[Data records Boundary: Start]

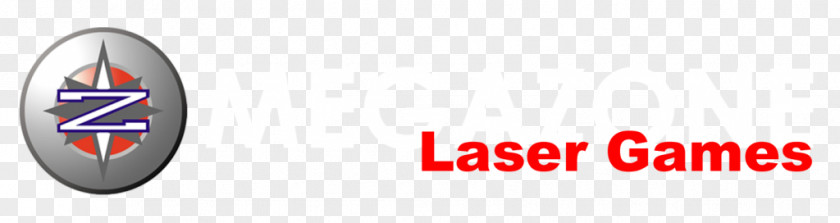 Laser Game Logo Brand Font PNG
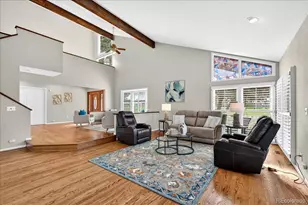 15260 E Caley Ave, Centennial, CO 80016 - Photo 9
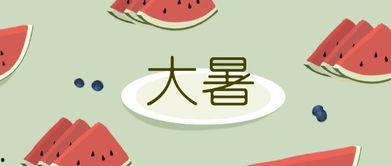 吃瓜爆料封面素材视频大全,封面素材视频大全大揭秘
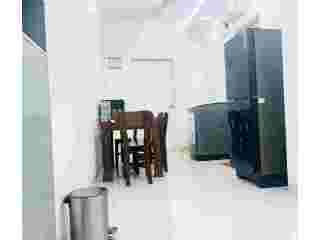 furnished-2bhk-serviced-apartment-for-rent-in-bashundhara-ra-small-3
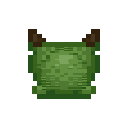 Lime Fruit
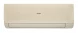 Кондиционер инверторный Haier AS50SHP2HRA-C/1U50SHP2FRA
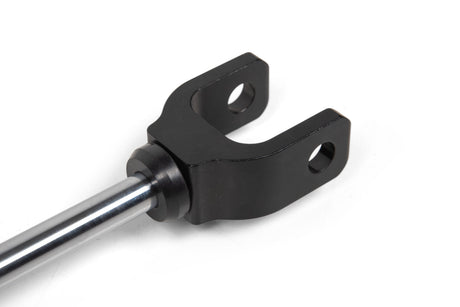 FOX 2.0 IFP Shock | Adventure Series | 20.01 x 13.91 x 2-BP/Clev FOX
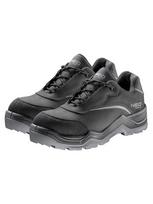 Darbo batai NEO 82-150-45 S3 SRC - Nubukas, 45 dydis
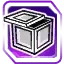 BI Crate Middle Purple.png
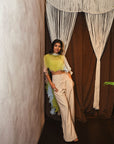 Kavi Multiway Dupatta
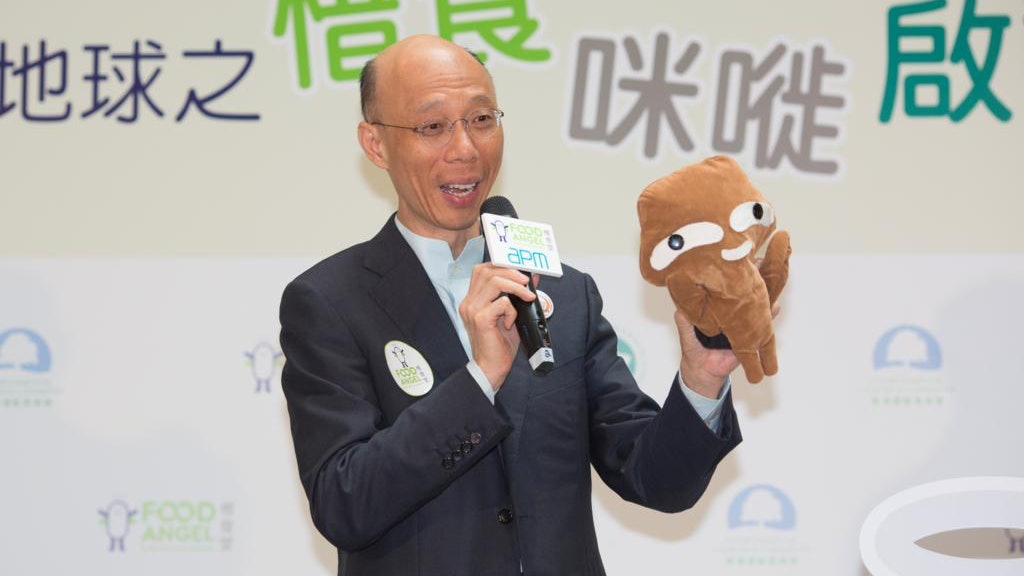 【拆局】兩電加價「撳住搶」 與其批評黃錦星 曾蔭權更加抵鬧? 【拆局】兩電加價「撳住搶」 與其批評黃錦星 曾蔭權更加抵鬧?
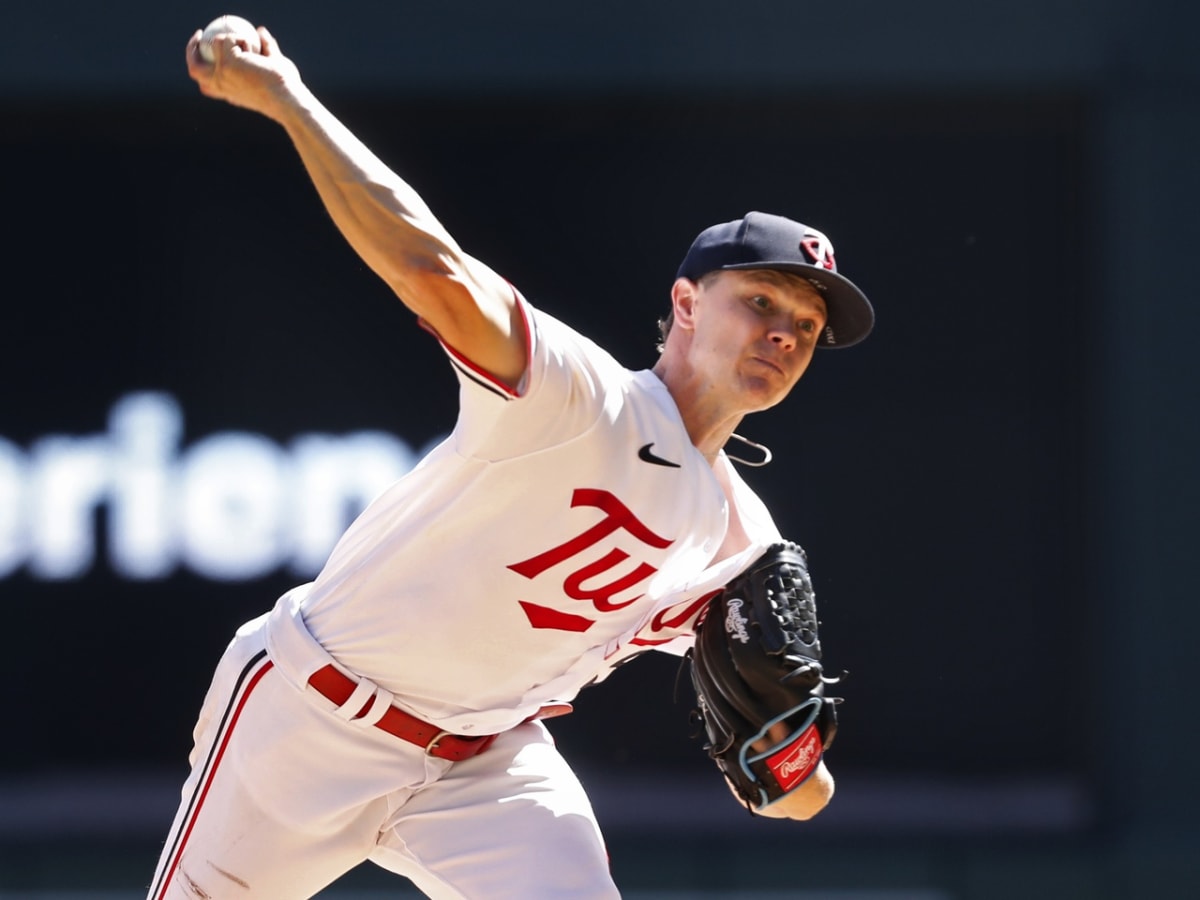 Starting Lineups, Pitchers For New York Yankees vs. Oakland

[Data records Boundary: End]

◆ **The problem**
Please copy the data above character for character, skipping any pictures.

◆ **Result of this task**
 Laser Game Logo Brand Font PNG
 15260 E Caley Ave, Centennial, CO 80016 - Photo 9
 吃瓜爆料封面素材视频大全,封面素材视频大全大揭秘
 furnished-2bhk-serviced-apartment-for-rent-in-bashundhara-ra-small-3
 Lime Fruit
 Кондиционер инверторный Haier AS50SHP2HRA-C/1U50SHP2FRA
 FOX 2.0 IFP Shock | Adventure Series | 20.01 x 13.91 x 2-BP/Clev FOX
 Darbo batai NEO 82-150-45 S3 SRC - Nubukas, 45 dydis
 BI Crate Middle Purple.png
 Kavi Multiway Dupatta
 【拆局】兩電加價「撳住搶」 與其批評黃錦星 曾蔭權更加抵鬧? 【拆局】兩電加價「撳住搶」 與其批評黃錦星 曾蔭權更加抵鬧?
 Starting Lineups, Pitchers For New York Yankees vs. Oakland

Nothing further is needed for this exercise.